Experimental objectives

The proposed experiment is intended to establish high-precision spectroscopy of $\Lambda$ hypernuclei for wide mass range by the (e,e'K$^+$) reaction. Such experimental investigation is possible only by utilizing the high precision and power of the Jlab electron beam, and a new high resolution, large solid-angle spectrometer system under construction.

The experimental objectives of the proposal are summarized below.

1. We propose to obtain high-precision binding energies of $\Lambda$ single particle states from the excitation spectra of $\Lambda$ hypernuclei up to A=50 region.

   The limited resolution of the $( \pi ^ + ,{\rm K}^ +)$ reaction makes it difficult to extract precise $\Lambda$ binding energies, except for the light $\Lambda$ hypernuclei. Energy resolutions of a few 100 keV are needed to extract these binding energies. This information provides the depth of the central potential and possible spin-orbit splittings over a wide mass region. The mass dependence of the single particle levels can be directly compared to calculations using single particle potentials and mean-field theory.
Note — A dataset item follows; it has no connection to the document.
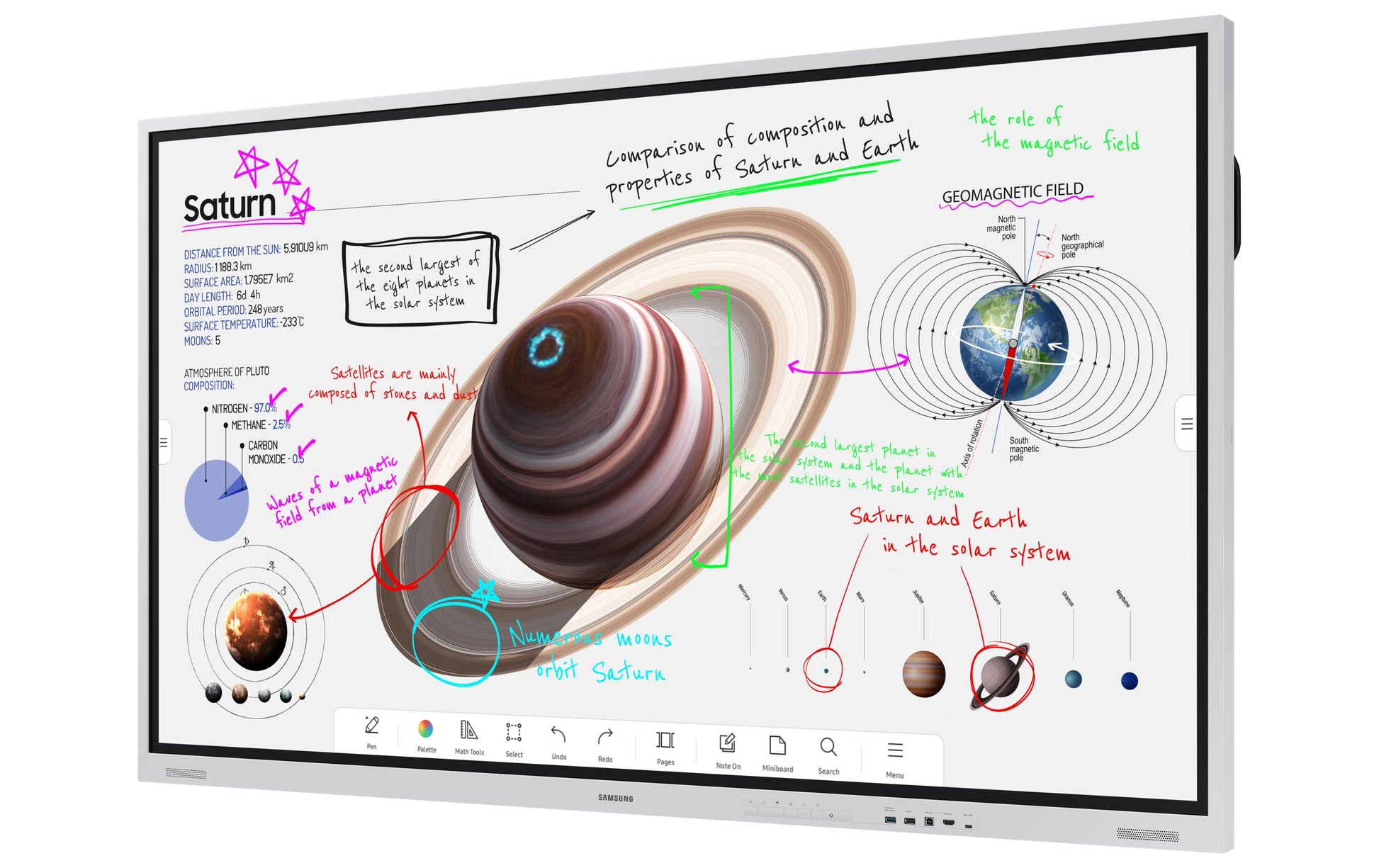 Samsung Whiteboard – 172,4 × 102,6 cm, Aluminiumrahmen, Wandmontage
Since $p$-shell orbitals are barely bound in $p$-shell hypernuclei, it is essential to extend this measurement to heavier systems. The proposed experiment also provides information on the widths of these single particle orbitals.
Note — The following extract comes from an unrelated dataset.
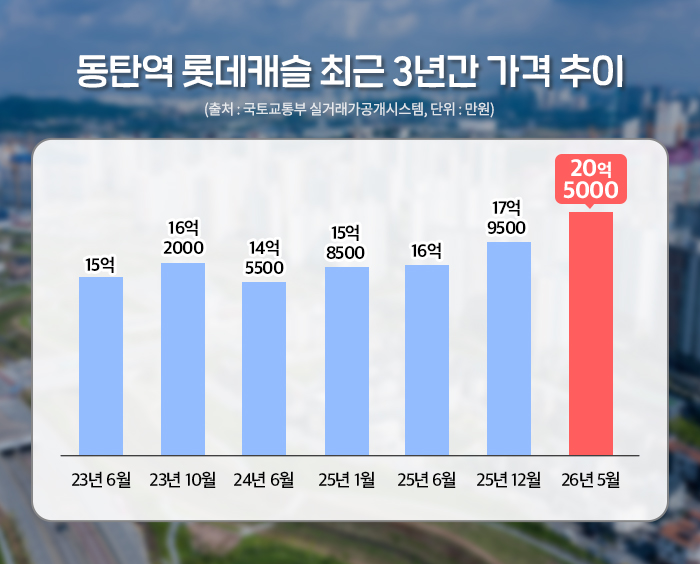 (사진제공=더피알)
   As the effective mass of a $\Lambda$ hyperon appears to be close to that of the free $\Lambda$ hyperon, the potential seems to be local in contrast to ordinary nuclei. Thus the proposed precision measurement of the single particle levels can address the degree of non-locality of the effective $\Lambda$-Nucleus potential. This can be related to the nature of the $\Lambda$N and $\Lambda$NN interactions, and to the $\Lambda$N short range interactions [18].

   In a more exotic way, the binding energies can be discussed in terms of the distinguishability of a $\Lambda$ hyperon in nuclear medium, which will result in different A dependence of the binding energy as suggested by Dover [7].

2. We propose to study the spin-orbit splitting of the $\Lambda$ single particle states in heavier hypernuclei. As previously discussed, the $^{89}$Y spectra taken by the $( \pi ^ + ,{\rm K}^ +)$ reaction show that the higher $l$ states are split by about 1 MeV. These splittings are suggested to be due to the $\Lambda$N $ls$ interaction, although the magnitude of the splitting is much larger than expected from previous measurements in the $p$-shell, and in particular from the recent $\gamma$ ray data of $^9_{\Lambda}$Be and $^{13}_{\Lambda}$C [16,17]. However the splitting could also be due to an interplay of different neutron hole states. With a resolution of about 300 keV, we will be able to entangle closely degenerate hypernuclear states, and clarify the situation. If the origin of the splitting is due to $ls$ interaction it will give us the magnitude of the interaction, and introduce a deeper puzzle about the changes in the $ls$ strength between the p and deeper shell structure. If the splitting is due to hypernuclear structure, it will give us information on the characteristics of medium-heavy hypernuclei. In either case, new information is required to address this issue.

3. We propose to study the $^{12}$C(e,e'K$^+$) $^{12}_{\Lambda }$B reaction as a reference reaction in order to tune the new spectrometer system. As a byproduct of this calibration we will accumulate a high statistics $^{12}_{\Lambda }$B spectrum with a resolution of a few 100 keV. This should clearly separate the controversial core excited states. These states were observed in the $^{12}$C($\pi ^+$,K$^+$) reaction, and a high precision - high statistics study will provide information on inter-shell mixing and perhaps on the splitting of the ground state doublet [14,24,25].